Die Ökonomie spielt eine grundlegende (allerdings oft obskure und problematische) Rolle bei der Art, wie wir unsere Gedanken gestalten und damit auch unser Leben. Der wirkliche Verdienst von Steiners Werk wird deutlich, wenn man die Geschichte des ökonomischen Denkens im Überblick betrachtet und bemerkt, wie er in seiner historischen Analyse, seiner Methodologie und Theorie des Werts die Grundlagen für eine Ökonomie legt, die auch die unsichtbaren Phänomene einschließt, mit denen sich die Dißiplin weitgehend befasst. Wenn man sein soziales Hauptgesetz würdigt, ist es lehrreich, es in Zusammenhang zu bringen mit zwei anderen Gesetzen oder Theoremen, die zusammen eine Trinität bilden:

Das grundlegende soziologische Gesetz – 1898: In den frühen Stadien der kulturellen Evolution neigt die Menschheit zur Bildung sozialer Einheiten, ursprünglich wird das Interesse des Individuums den Interessen dieser Gruppierungen geopfert.
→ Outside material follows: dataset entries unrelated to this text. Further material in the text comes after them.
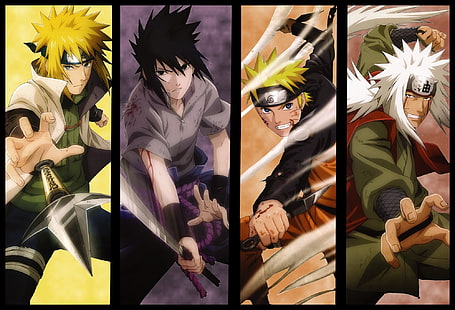 Naruto Shippuuden, Uzumaki Naruto, Namikaze Minato, Uchiha Sasuke, Jiraiya, pannelli, Sfondo HD HD wallpaper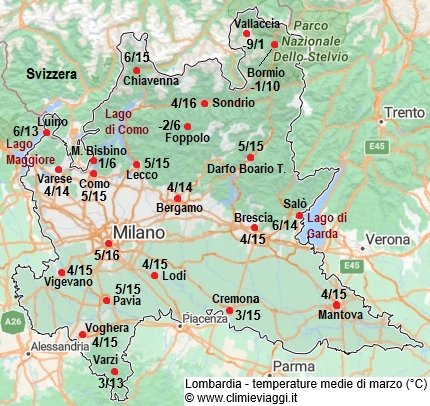 Lombardia - mappa con le temperature medie a marzo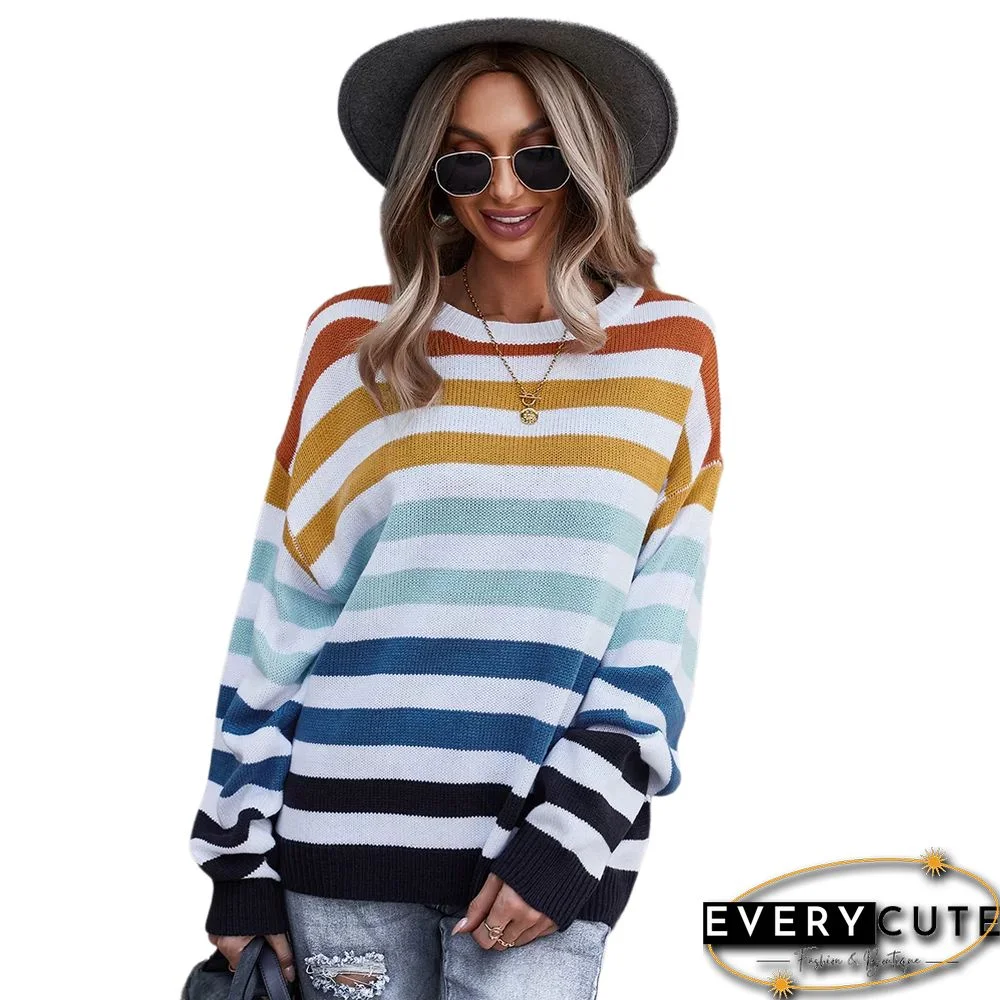 Orange Multicolor Stripes Loose Style Sweater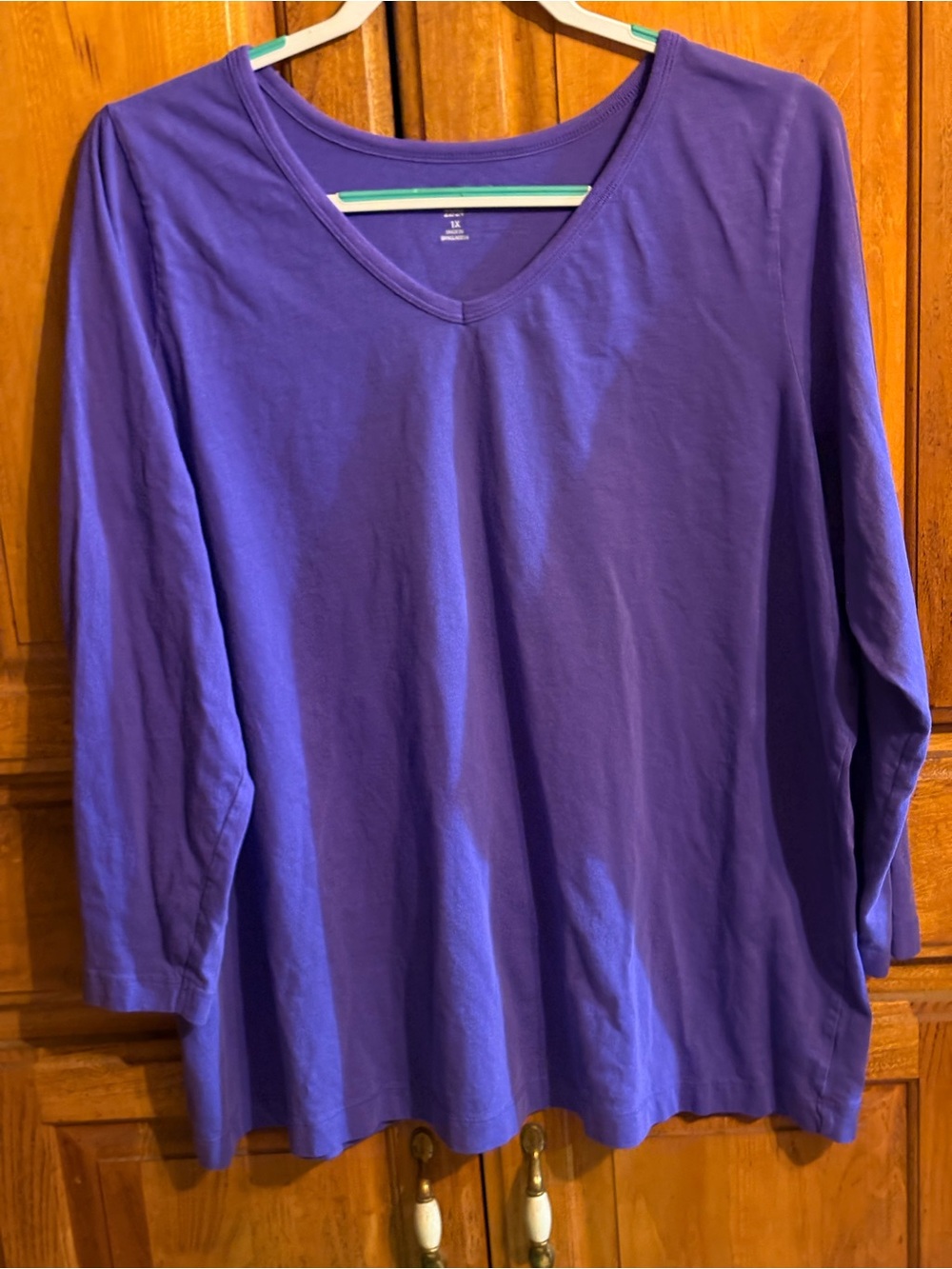 Woman Within Purple V-Neck Long Sleeve Tee 22/24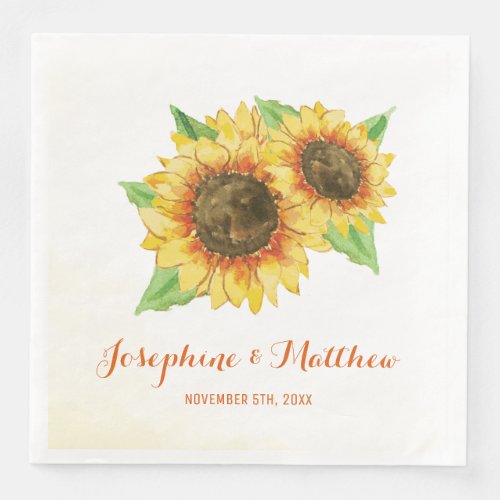 Sunflowers Watercolor Wedding Paper Dinner Napkins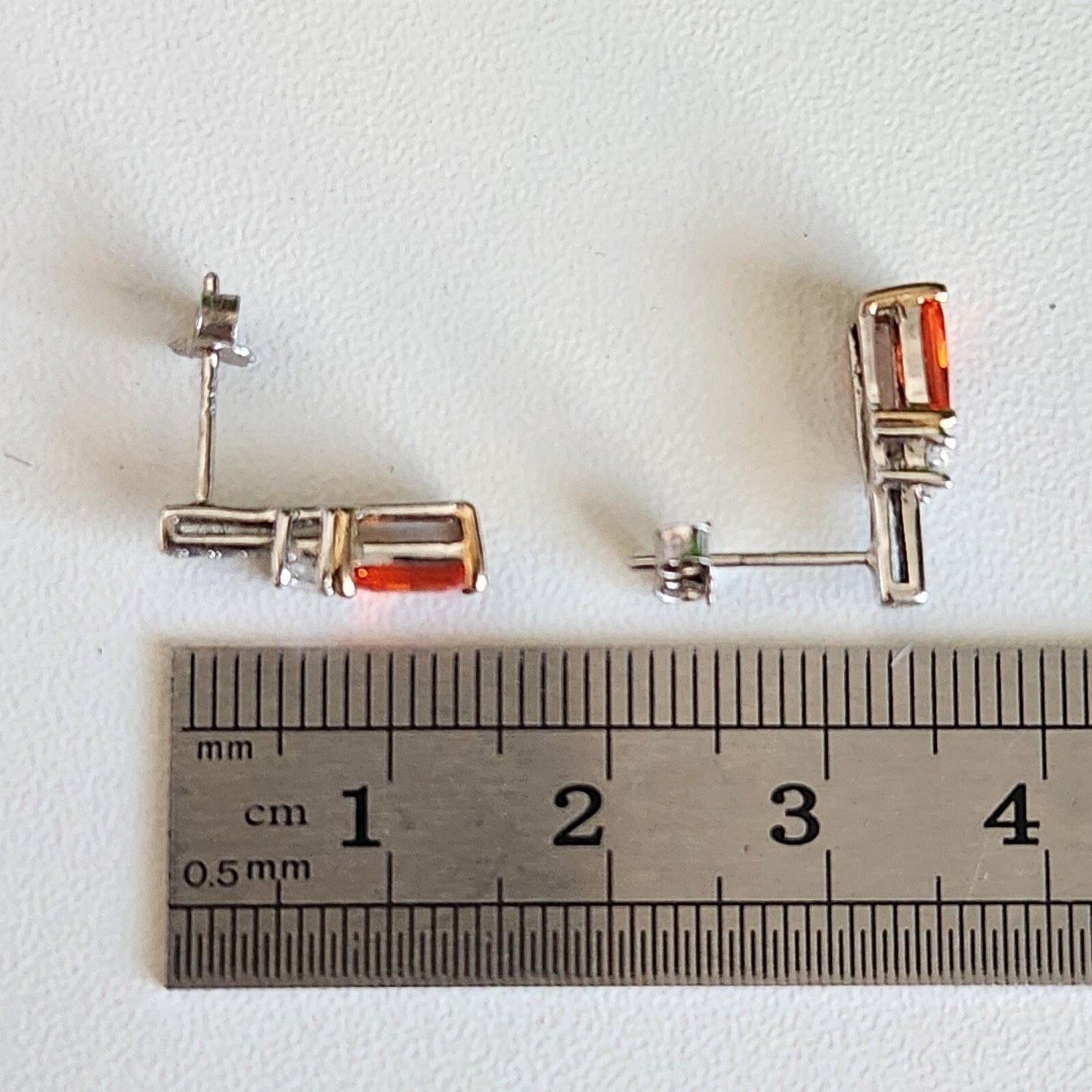 925 Sterling Silver Orange CZ Stud Earrings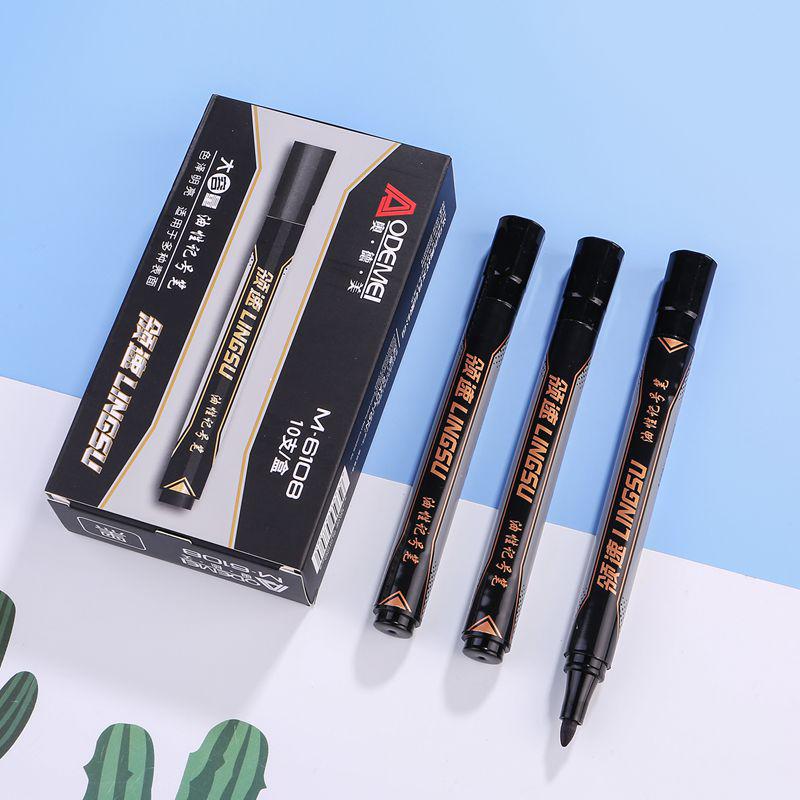 Large Capacity 10-Pack Single Round-tip Marker Pens for Line Marking and Journals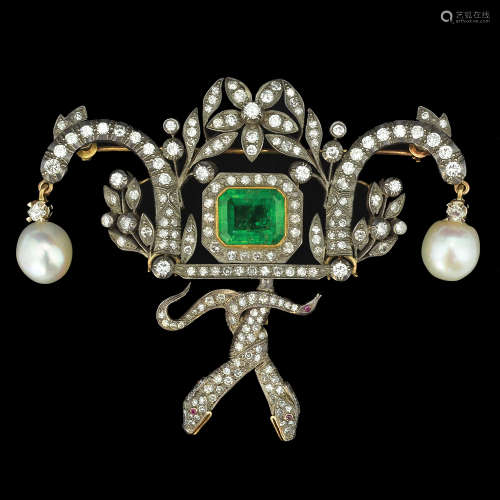 AN 18K GOLD AND SILVER ANTIQUE AUSTRO-HUNGARIAN PIN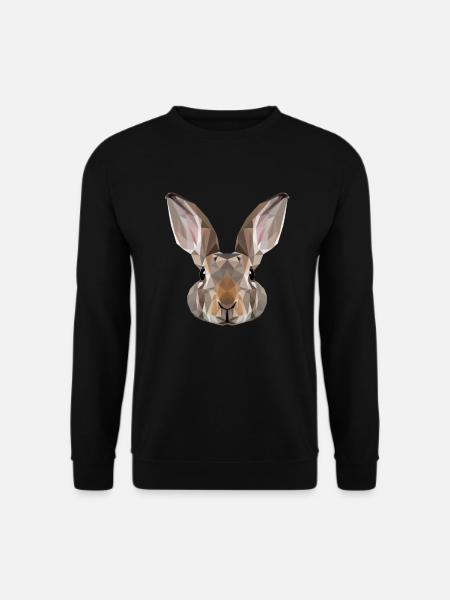 Hase Polygon Karnickel Kaninchen geometrisch - Unisex Pullover - Schwarz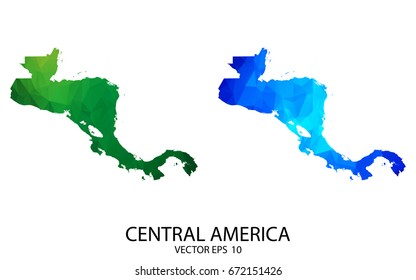 Couple Polygon Set Map - High Detailed Green and Blue LowPoly Map of Central America. Vector illustration eps10.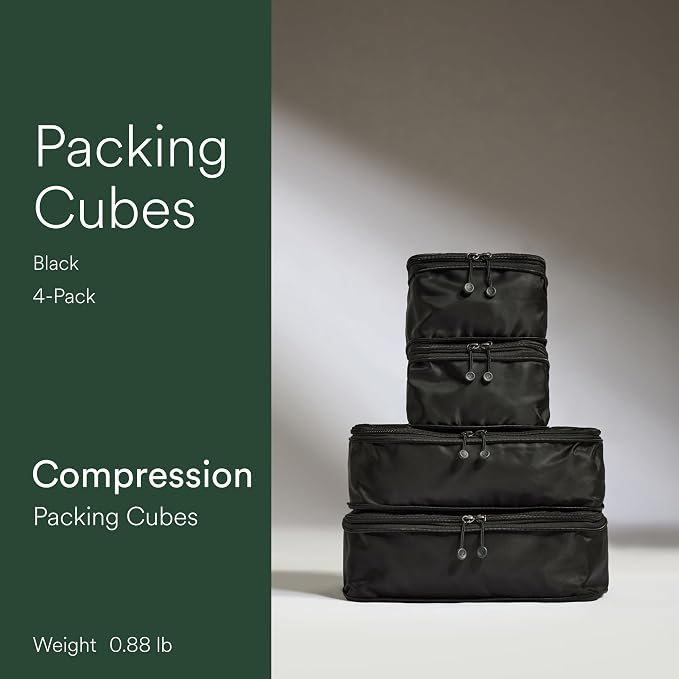 ANTLER - Compression Packing Cubes for Travel, Luggage Organiser for Suitcases or Bags, Travel Accessories, Set of 4, Black - Image 2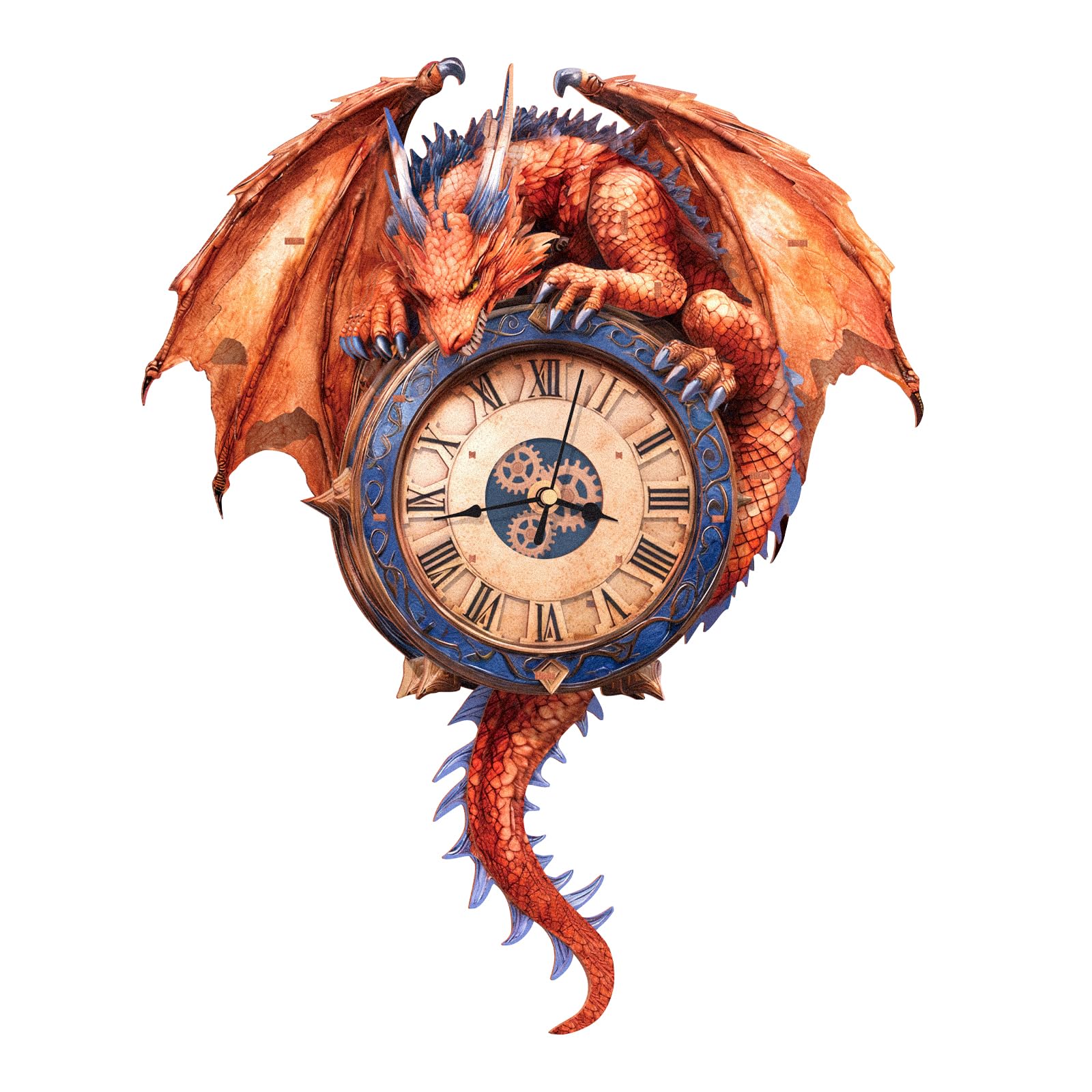 Cutywood Fire Dragon Clock front view shows decorative DIY puzzle for stylish home decor.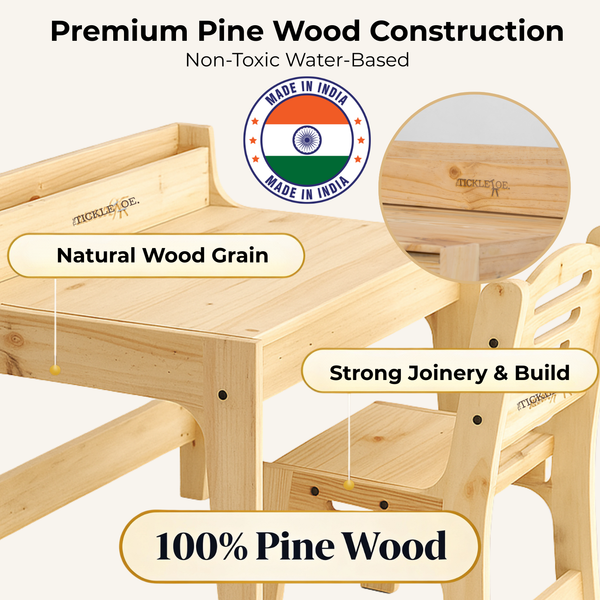 PineWood Table Chair Set (2-10 yrs)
Die weitere Entwicklung führt zur Emanzipation des Individuums von den Interessen der Gruppe und schließlich zur unbeschränkten Entwicklung der Notwendigkeiten und Fähigkeiten des Einzelnen.

Das grundlegende soziale Gesetz – 1906: Das Wohlergehen einer ganzen Gemeinschaft von Menschen, die zusammenarbeiten, ist umso größer, je weniger das Individuum die Früchte seiner eigenen Arbeit für sich selbst beansprucht, d.h. je er mehr von seinen Produkten an seine Kollegen weitergibt und je mehr seine eigenen Bedürfnisse nicht durch seine eigenen Anstrengungen, sondern durch die der anderen befriedigt werden.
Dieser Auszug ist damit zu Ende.